For a complete treatment, we would also have to add in a final contribution from matching histogram null steps, but this is uncommon for equijoins (which are typically written to reject nulls) and a relatively straightforward extension for the interested reader.

## Final Thoughts

Hopefully the details in the article will fill in a few gaps for anyone who has ever wondered about "coarse alignment." Note that this is just one small component in the cardinality estimator. There are several other important concepts and algorithms used for join estimation, notably the way that non-join predicates are assessed, and how more complex joins are handled. Many of the really important bits are pretty well covered in the White Paper.

Hi Paul, great examples and clear explanation!

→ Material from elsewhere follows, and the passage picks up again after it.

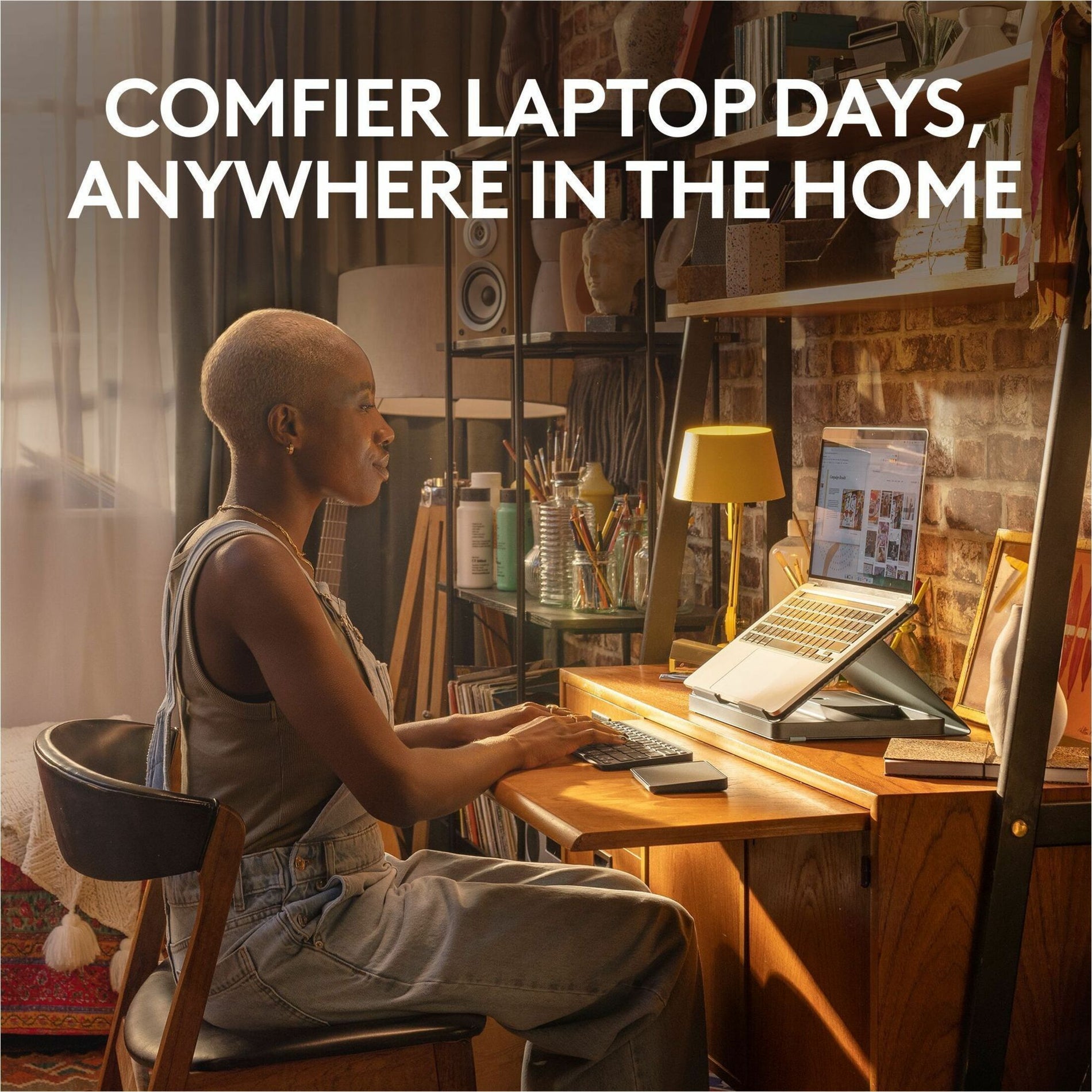 Person working comfortably at home desk with Logitech Casa Pop-Up Kit setup-alternate-image2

Before that, I supposed, that only max and min values of histogram matching/overlapping keys are used for the coarse histogram alignment, but never tried to dig deeper. Good to know how it actually works.

Thanks for sharing!

P.S.

It would be also interesting to know, what if there is no equality matching between min steps boundaries, i.e. there is some overlapping. For example if we mofify your second example with values:

INSERT dbo.R1 (n)

VALUES

(1), (2), (3), (4), (5), (7), (8), (9), (10),

(7), (7), (7), (7), (7), (7), (7), (7), (7), (7),

(7), (7), (7), (7), (7), (7), (7), (7), (7);

INSERT dbo.R2 (n)

VALUES

(6), (7), (8), (9), (10), (11), (12), (13), (14), (15),

(10), (10);

R1: range_high_key

1

3

5

7

9

10

R2: range_high_key

6

8

9

10

12

14

15

Will be there any steps alignment or something else?